While cities continue to reopen and lift COVID restrictions after over a year of closure and uncertainty, Project Open Hand was never offline through it all. It was always open.
Just ask Robert, a Community Nutrition Program (CNP) Client.
“One night, everything is good. Then, all of a sudden, all hell broke loose,” Robert said about the beginning of the pandemic. “You hear about people dying. It was scary.”
The 74-year-old Brooklyn native, who found temporary residency in a hotel that was turned into a shelter for the homeless during the pandemic, believed that he needed to help out anyway he could.
Robert is not only a client, but he is also a volunteer at Project Open Hand and this past year he has been helping package meals and food that would find its way to our clients.
“It’s good to help somebody. I have a gift which is to help people,” he said. “I’m a stubborn old man. I was not going to let the virus stop me from going to work,” he said.
Like Robert, Project Open Hand’s staff and volunteers worked feverishly to provide access to life-saving nutrition to its clients and community members, many of whom were sheltering in place and isolated from society.
But now that an end to this crisis (hopefully) appears to be in sight, Project Open Hand is beginning to visualize what a post-pandemic world looks like.
CNP, which shifted its operation to providing hot and frozen to-go meals to seniors and adults with disabilities in San Francisco, plans on reopening 12 community nutrition sites. They will modify their approach to meet the needs and comfortability of its clients in the safest manner possible.
“Now more than ever do people feel socially isolated and in need of community and congregation. Research has linked social isolation and loneliness to higher risks for a variety of physical and mental conditions: high blood pressure, heart disease, obesity, a weakened immune system, anxiety, depression, and cognitive decline. That’s why we are really eager to welcome folks back ASAP. We miss conversing and breaking bread with our clients,” said Erika Molina, Director of CNP.
For seniors like Robert, the thought of enjoying a meal in a communal setting with friends brings him joy.
“We’re not meant to be locked up. That’s not how we were made. We are made to be socializing with others, and for seniors that’s very important because it keeps our minds and bodies active,” Robert said.
The Wellness Program, which offers medically-tailored meals, groceries, and nutrition counseling and education, will continue to maintain social distancing for the foreseeable future and will prioritize client and staff safety.
Client and Nutrition Services will continue to engage clients with reduced physical contact.
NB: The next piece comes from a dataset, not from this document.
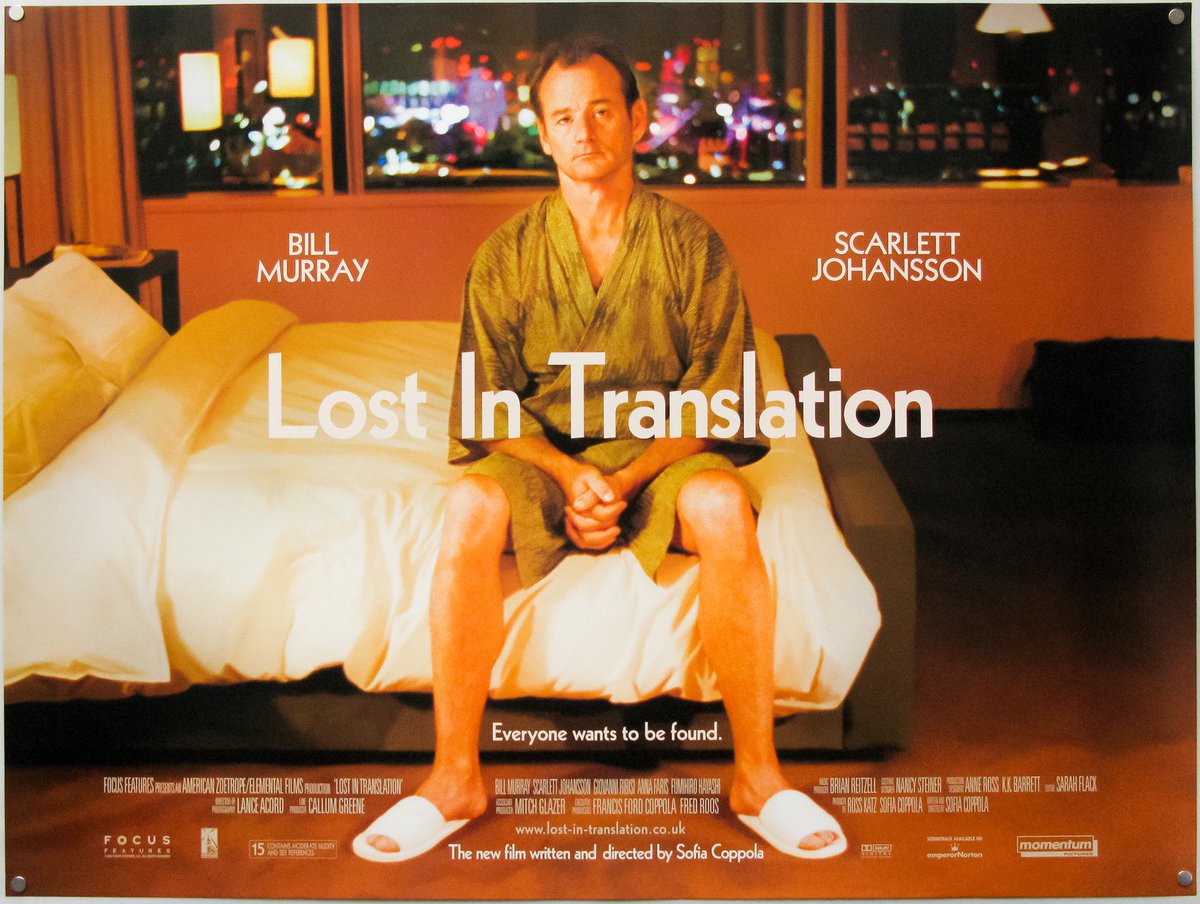 ProjectedFilm's tweet image. #NowWatching Lost In Translation. Ashamed to say this is my first viewing... I know, I know... I’m a terrible ‘cinephile’.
The Wellness Program will also continue providing a service to clients that was started during the pandemic – home delivered groceries.
Did you know that on average, Project Open Hand delivered nearly 270 bags of groceries per week to clients at home?
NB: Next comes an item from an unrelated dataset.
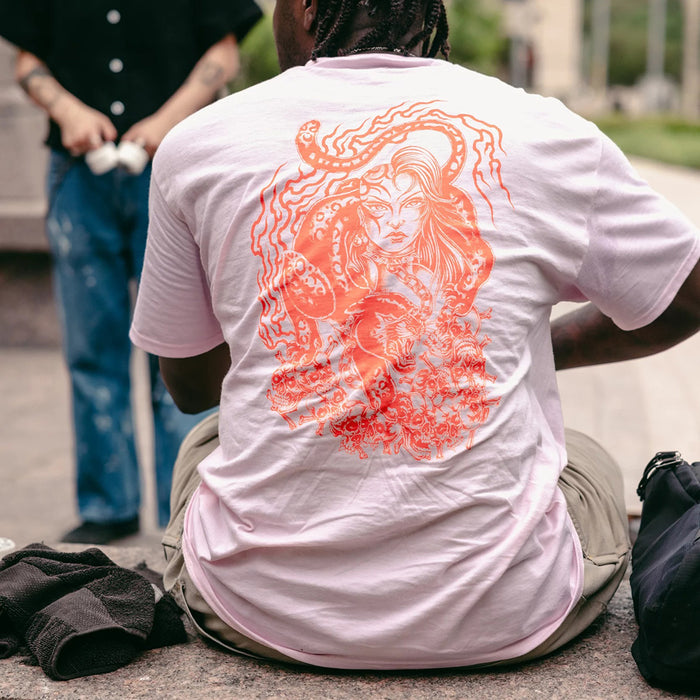 TACTICS(タクティクス)| CHERRIES × TACTICS WHEELS T-SHIRT / LIGHT PINK | スノーボード・スケートボードのTACTICS JAPAN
“We’ve always delivered meals, but groceries add an additional challenge for temperature control and packing produce in a way that maintains quality. We found the right sized cardboard box, worked out the flow with our distribution team, developed a good rotation of grocery items and started delivering grocery boxes to our clients,“ said Kristi Friesen, Manager of Nutrition Services said.
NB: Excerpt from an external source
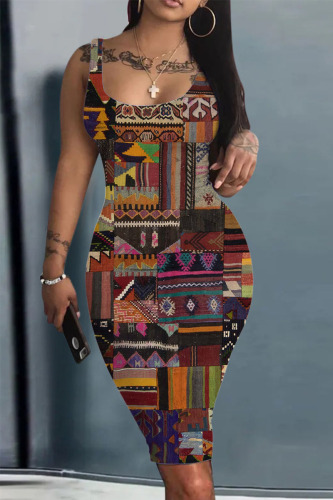 Colour Casual Print Patchwork U Neck One Step Skirt Dresses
Volunteer services, which currently averages 40 volunteers per day and 280 volunteers per week, will continue to operate at minimum capacity until a full reopen and expansion of services is possible. It will assess all volunteer needs and staff them appropriately, based on need. The department will continue promoting COVID vaccinations and ask volunteers to self-screen for any health issues.
“For us to continue to engage volunteers in the months to come, it is imperative that we protect each other,” Diana Contreras, Director of Volunteer Services said. “The concept of going back to normal is not one I can relate to.
While many industries were impacted by the pandemic and are starting to open back up, Project Open Hand remained open. Our frontline staff and volunteers do not get to work from home and our clients will not stop needing meals; this is our normal.”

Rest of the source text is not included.